** Data follows **

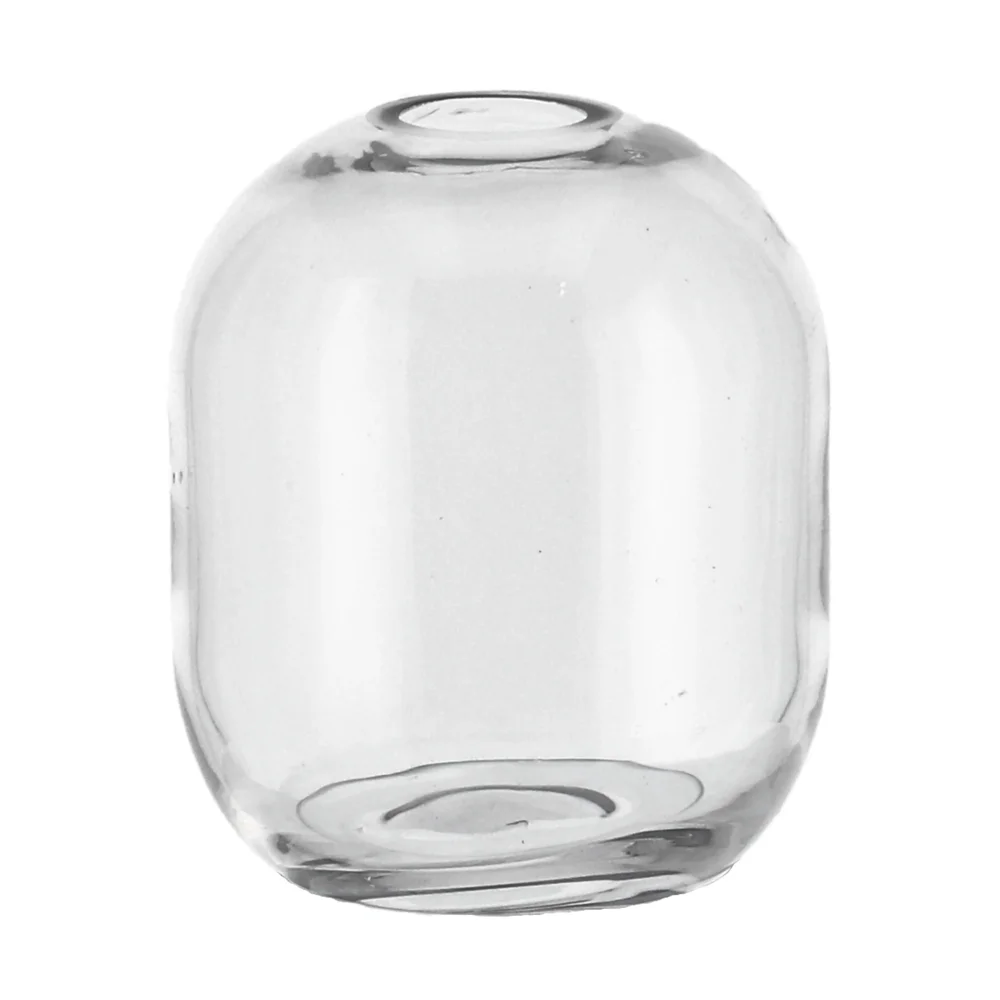 Dew vase Ø6 v:9816919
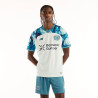 Maillot Bayer Leverkusen extérieur 2026/27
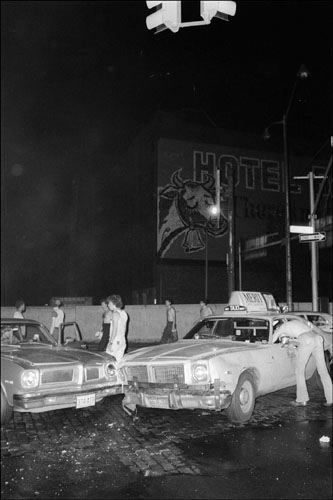 Blackout_taxi_accident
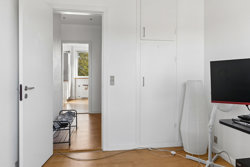 Doktorvænget 3, 2 th, 7500 Holstebro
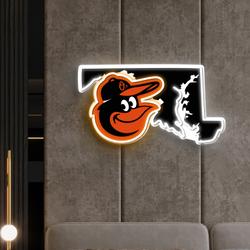 the art of neon sign 3209 2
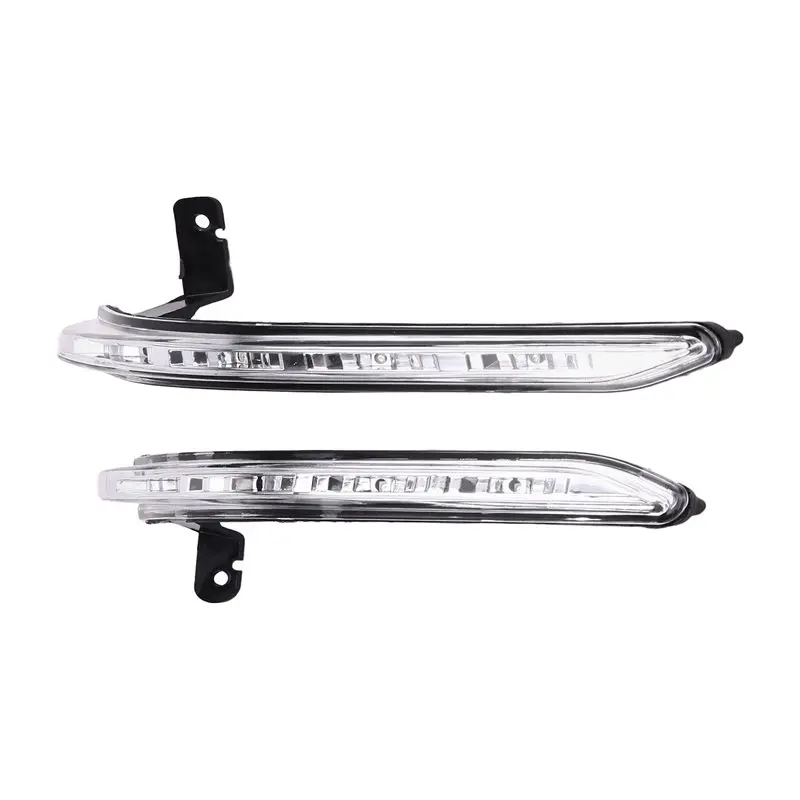 abxn-1-pair-led-turn-signal-light-indicator-rearview-mirror-lights-for-ford-edge-2011-2012-2013-2014-usa-side-mirror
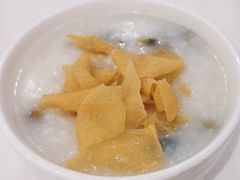 -粤珍轩.创始店.始于2001(含光门店)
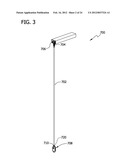 SYSTEMS AND METHODS FOR DEPLOYMENT OF CURTAINS diagram and image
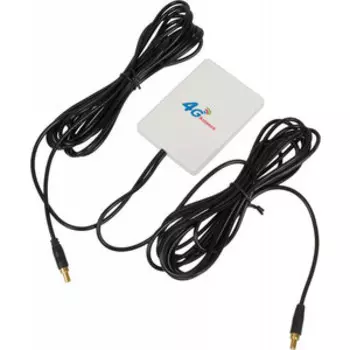 Антенна MIMO Huawei DS-4G7454W-TS9M3M 3м.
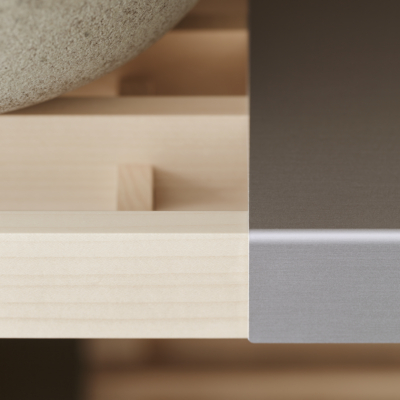 A04-Team-Daniel-Basel-Innenarchitektur-Moebel-bulthaup-USM-bulthaupbasel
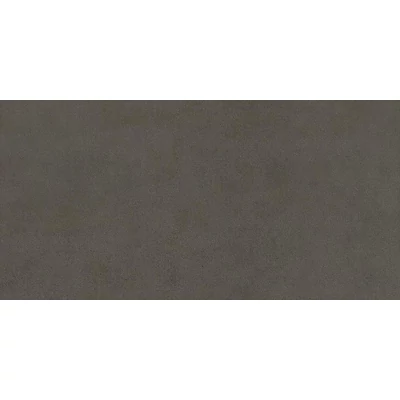 arcana layers shade ret 60x120 cm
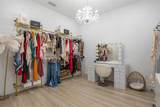 3206 Arch Street - Photo 39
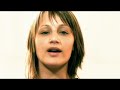 Nike+ avec ingrid Graziani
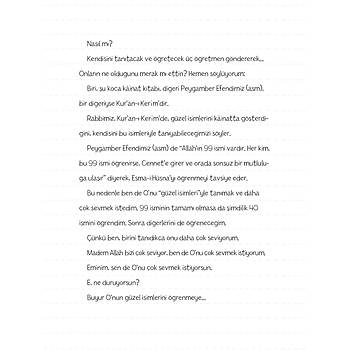 Halim Selim ile 40 Esma - Mehmet Yaar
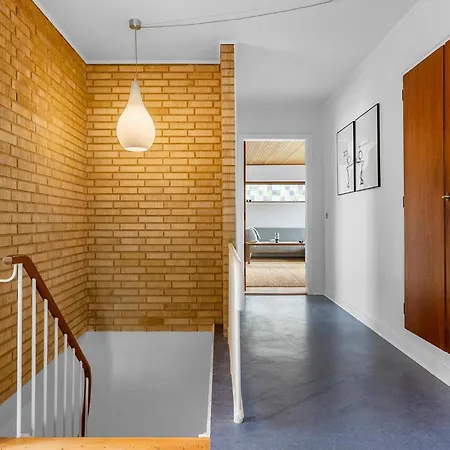 Awesome In With Wifi * 알링에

** End of Data **

» Task details: Copy out each record shown above without alteration, skipping any picture.

» Result of the task:
 Dew vase Ø6 v:9816919
 Maillot Bayer Leverkusen extérieur 2026/27
 Blackout_taxi_accident
 Doktorvænget 3, 2 th, 7500 Holstebro
 the art of neon sign 3209 2
 abxn-1-pair-led-turn-signal-light-indicator-rearview-mirror-lights-for-ford-edge-2011-2012-2013-2014-usa-side-mirror
 -粤珍轩.创始店.始于2001(含光门店)
 SYSTEMS AND METHODS FOR DEPLOYMENT OF CURTAINS diagram and image
 Антенна MIMO Huawei DS-4G7454W-TS9M3M 3м.
 A04-Team-Daniel-Basel-Innenarchitektur-Moebel-bulthaup-USM-bulthaupbasel
 arcana layers shade ret 60x120 cm
 3206 Arch Street - Photo 39
 Nike+ avec ingrid Graziani
 Halim Selim ile 40 Esma - Mehmet Yaar
 Awesome In With Wifi * 알링에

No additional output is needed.